Efficient generation of transgenic chickens using the spermatogonial stem cells in vivo and ex vivo transfection.

The highly efficient novel methods to produce transgenic chickens were established by directly injecting the recombinant plasmid containing green fluorescent protein (GFP) gene into the cock’s testis termed as testis-medianted gene transfer (TMGT), and transplanting transfected spermatogonial stem cells (TTSSCs). For the TMGT approach, four dosages of pEGFP-N1 DNA/cationic polymer complex were injected intratesticularly. The results showed: (1) 48 h after the injection, the percentages of testis cells expressing GFP were 4.0%, 8.7%, 10.2% and 13.6% in the 50, 100, 150 and 200 μg/mL group, respectively. The difference from the four dosage groups was significant (P<0.05). On day 25 after the injection, a dosage-dependent and time-dependent increase in the number of transgenic sperm was observed. The percentages of gene expression reached the summit and became stable from day 70 to 160, being 12.7%, 12.8%, 15.9% and 19.1%, respectively. The difference from the four dosage groups was also significant (P<0.05). (2) 70 d after the injection, strong green fluorescent could be observed in the seminiferous tubules by whole-mount in-situ hybridization. (3) 70 d after the injection, the semen was collected and used to artificially inseminate wild-type females. The blastoderms of F1 and F2 transgenic chicken expressed GFP were 56.2% (254/452) and 53.2% (275/517), respectively. The detection of polymerase chain reaction (PCR) of F1 and F2 transgenic chicken blood genomic DNA showed that 56.5% (3/23) of F1 and 52.9% (9/17) of F2 were positive. Southern blot showed GFP DNA was inserted in their genomic DNAs. (4) Frozen whole mount tissue sections of F1 and F2 transgenic chicken liver, heart, kidney and muscle showed that the rates of green fluorescent positive were between 50.0% and 66.7%. (5) With the TTSSCs method, SSCs ex vivo transfected with GFP were transplanted into recipient roosters whose endogenic SSCs had been resoluted.

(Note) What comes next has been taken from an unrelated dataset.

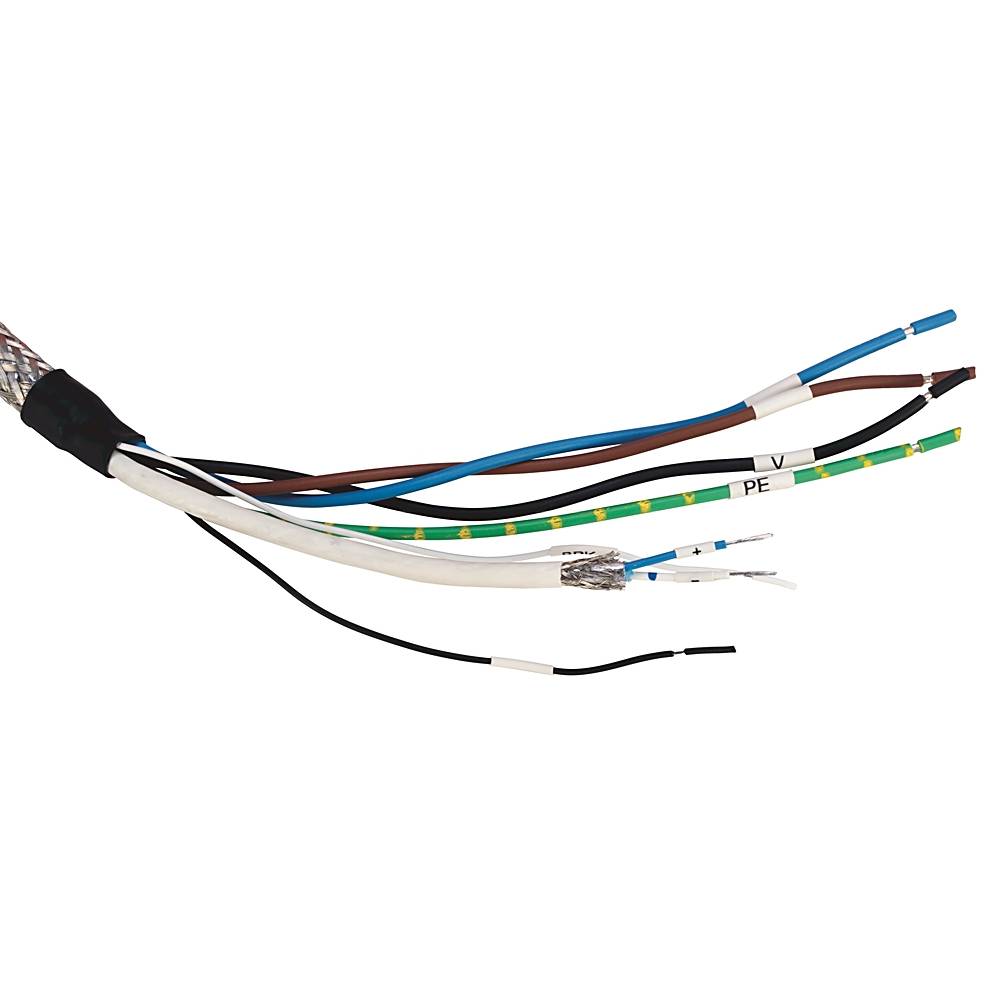 Allen-Bradley Kinetix Cable Single DSL 2090 Series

The donor SSCs settled and GFP expression became readily detectable in the frozen whole mount tissue sections of recepient testes. Moreover, sperms carrying GFP could be produced normally. The results of artificially inseminating wild-type females with these sperms showed 12.5% (8/64) of offspring embryo expressed GFP and 11.1% (2/18) hatched chicks were tested transgenic. Our data therefore suggest TMGT and TTSSCs are the feasible methods for the generation of transgenic chickens.